+++ RECORDS PROVIDED +++
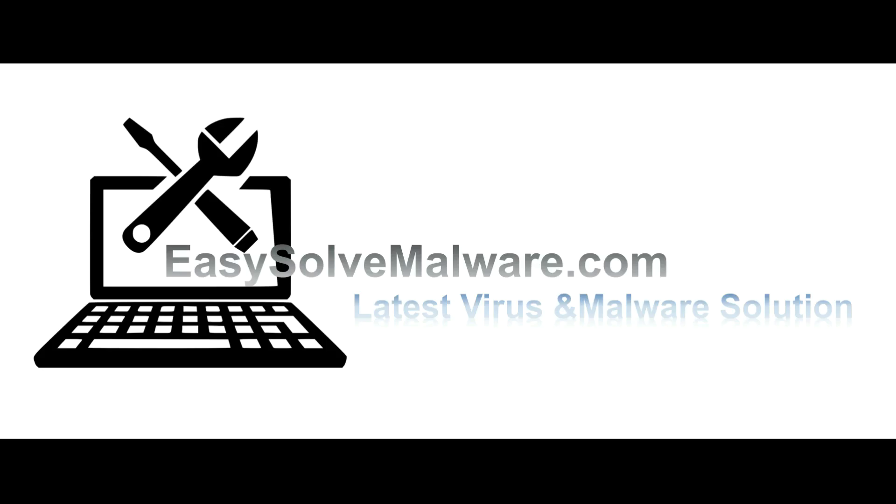That's all. Thank you for watching the video from easy-solve-malware.com. We hope it solved your problem.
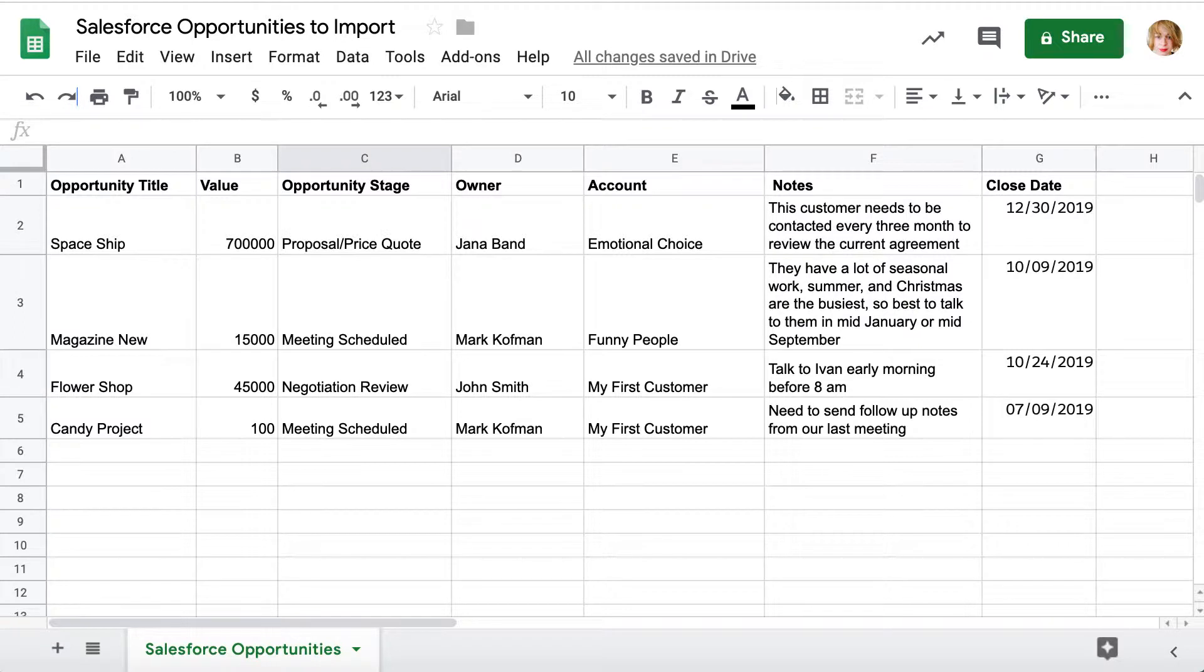I will show you how to add opportunities into Salesforce from a file in a couple of simple steps.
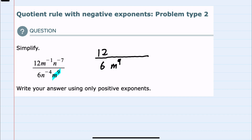The M9 stays in the denominator. Looking at the rest: the M-1 was in the numerator, but I can move it to the denominator as an M1. The N-7 was in the numerator, but I can make that positive by moving it to the denominator. And then the N-4 that was in the denominator, I can move it to the numerator to make it positive. So in this first step I just move negative exponents either up or down in the fraction to make them positive exponents.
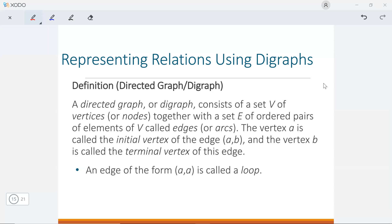Hello everyone, welcome to today's video. In this video, I want to introduce how we can use a diagram to help us represent relations. In our last videos, we already introduced how to define relations and four special types of relations. We also introduced how we can use a matrix to write our relation. So in this one, I will explain how we can use a graph to write or give the definition of a relation.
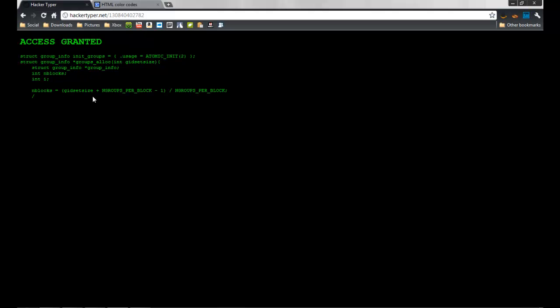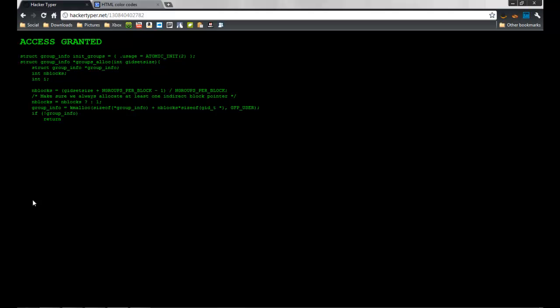You can type anything here if you want and some codes appear. It looks like you are hacking. You can fool your friend. So it's a great site and I hope you like it. Please subscribe for more videos. Bye bye.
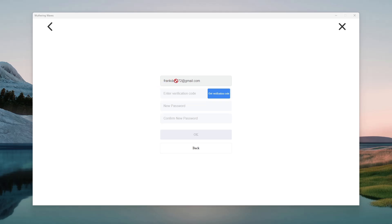So you'll see your email address here. Simply click on get verification code, and then type in the verification code from your email. And then simply type in the new password, and confirm your new password.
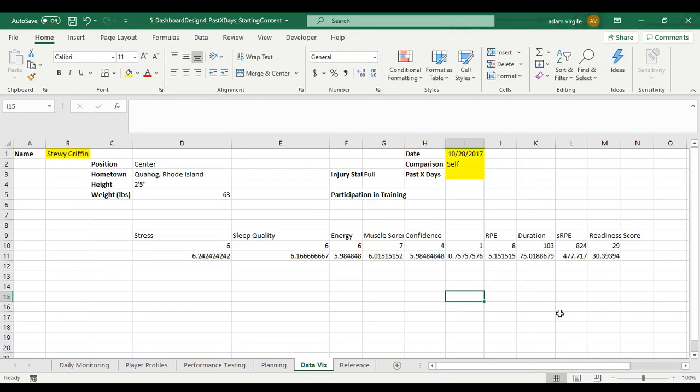Hi guys, Adam here. We're going to keep on rolling along, but I'm just going to give a brief recap of what we've done.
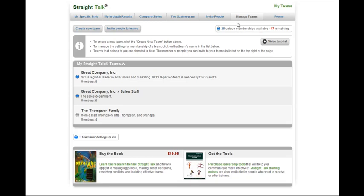Straight Talk Teams allows anyone within a team to see each other's communication style and compare styles with anyone on that team. It's basically like purchasing a Power User subscription for anyone you invite to the team.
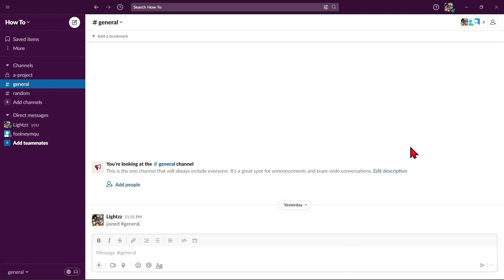Hello guys, welcome back to our channel. In this video, I'll be showing you how to upload a video on Slack. So, let's start.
+++
WHAT YOU HAVE TO DO
Up to and including the line with "The M9 stays", repeat every line from the top of the entries exactly, but not the pictures.

REPLY
That's all. Thank you for watching the video from easy-solve-malware.com. We hope it solved your problem.
I will show you how to add opportunities into Salesforce from a file in a couple of simple steps.
The M9 stays in the denominator. Looking at the rest: the M-1 was in the numerator, but I can move it to the denominator as an M1. The N-7 was in the numerator, but I can make that positive by moving it to the denominator. And then the N-4 that was in the denominator, I can move it to the numerator to make it positive. So in this first step I just move negative exponents either up or down in the fraction to make them positive exponents.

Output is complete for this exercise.